Arnault briefly mentioned some of the group’s top executives, like Stéphane Bianchi, head of LVMH’s watch-making division, “who will soon be assuming a new role,” and Chris de Lapuente, referring to the “remarkable” results posted by Sephora, the only brand “that will be impossible to slow down,” according to Arnault. 

Arnault, a clever tactician and a luxury expert, set out to explain that, with the global luxury sector facing a complex situation, desirability stems from well-managed growth. And that, despite his successful deputies’ ambitious plans, the LVMH skipper is keen to grow at a prudent pace. Undoubtedly, this was also a way of managing investors’ expectations for the group’s fiscal 2024 results.

“I am often told ‘Why do you only grow by 8% or 9%?’ “I hope we won’t do more than that,” Arnault said twice. “I’d rather slow down than accelerate. I am fortunate enough to have collaborators who need to be held back. For example, Pietro [Beccari, formerly with Dior and now in charge of Louis Vuitton], whom I constantly need to curb. The same goes for Delphine [Arnault, in charge of Dior]. And let’s not even talk about Michael [Burke, formerly of Louis Vuitton, who will take charge of LVMH’s fashion division]. I spent 10 years reining him in at Louis Vuitton.”

With regards to Louis Vuitton, Arnault extolled the watches developed by La Fabrique du Temps in Geneva, which creates “genuine mechanical wonders,” selling between €500,000 and €1 million. He further hinted at his passion for watches, describing a high-end model produced in just a handful of copies, featuring on the dial Einstein sticking out his tongue. “It even tells the time,” he quipped.

Arnault mentioned Louis Vuitton and Dior, but he also paid attention to Bulgari and Tiffany, whose “operating income tripled compared to the year before we bought it.” He didn’t dwell on the results of the other labels belonging to LVMH’s fashion and leather goods division, save for a few words on Celine and Loewe, and on the results of Berluti, the label led for the last 10 years by Antoine Arnault.

Instead, he focused on his group’s main assets, blending anecdote with analysis: “There was an interesting article in the Financial Times this morning. It’s a very well-informed newspaper, just like [French business daily] Les Echos. In fact, I recommend Les Echos, it’s a very good newspaper,” said Arnault – who owns Les Echos.

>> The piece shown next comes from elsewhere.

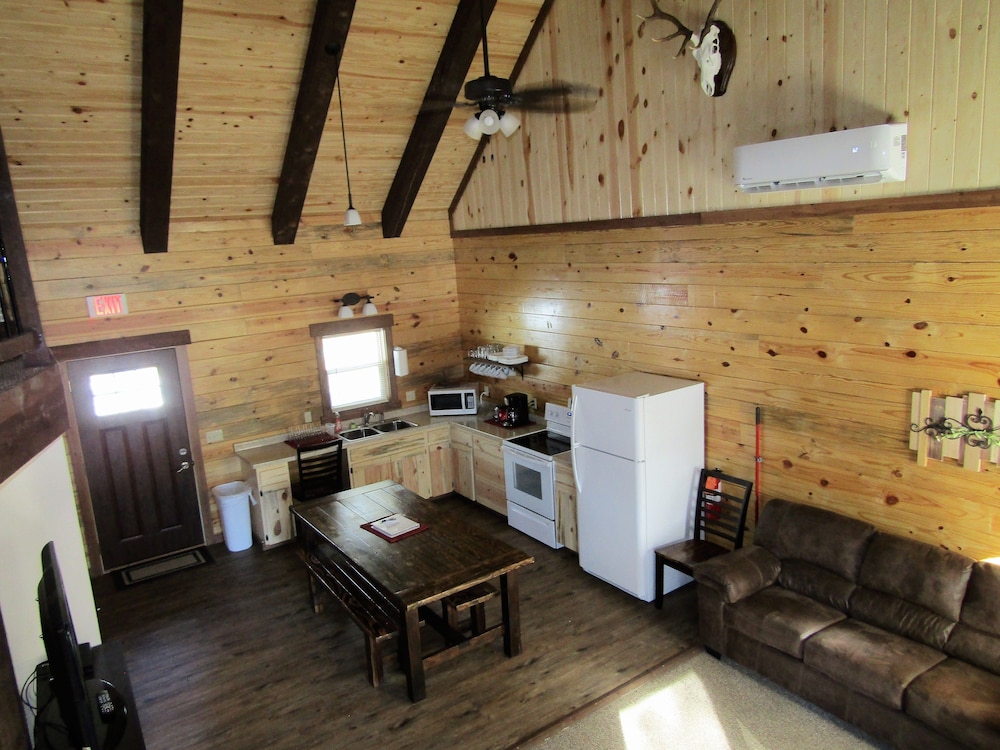Freedom Ridge Cabins 37/54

“[The FT] article said that the LVMH group, in the soft luxury sector, has the world’s two most powerful brands, Louis Vuitton and Dior, and they have two quite remarkable competitors, Chanel and Hermès. In terms of hard luxury products, in other words watches and jewellery, we have two extraordinary brands, Tiffany and Bulgari, and among their competitors there’s a highly successful group, Richemont, which also owns two great brands: Cartier and Van Cleef & Arpels. So, of the eight [luxury] brands I regard as the best in the world, we own half. Not bad,” said Arnault. “We shall see what will happen next, whether we’ll manage to extend our boundaries a little, or to encourage certain brands to join the first four,” he added.

By “extending our boundaries,” does Arnault mean forging new ties with Richemont? “I think Mr. Rupert [president of the Richemont group] is an exceptional leader. I have no wish to disrupt his strategy. I’ve always understood he was eager to remain independent. It’s a fine idea, and if he needs help maintaining his independence, I shall be there,” he said, clearly relishing his words.

Neither Arnault nor Guiony provided details about the group’s plans for external growth. Last year, LVMH acquired Chateau Minuty, “becoming the leading producer of Provence rosé wines.” Finally, Arnault turned his attention to the main real estate operations carried out in recent months.

“This is something the group has always been active in, ever since I took charge,” he said. “We are always trying to secure and buy the best possible premises for our businesses. From early on, we have always occupied certain prime positions. We have three of the best on Fifth Avenue in New York, and on the Champs-Elysées in Paris. It’s not buying such premises that needs to be avoided, but buying B+ ones at AAA prices. Unfortunately, this is what some of our competitors don’t seem to have quite understood,” he concluded, his last barb confirming he is belligerent as always.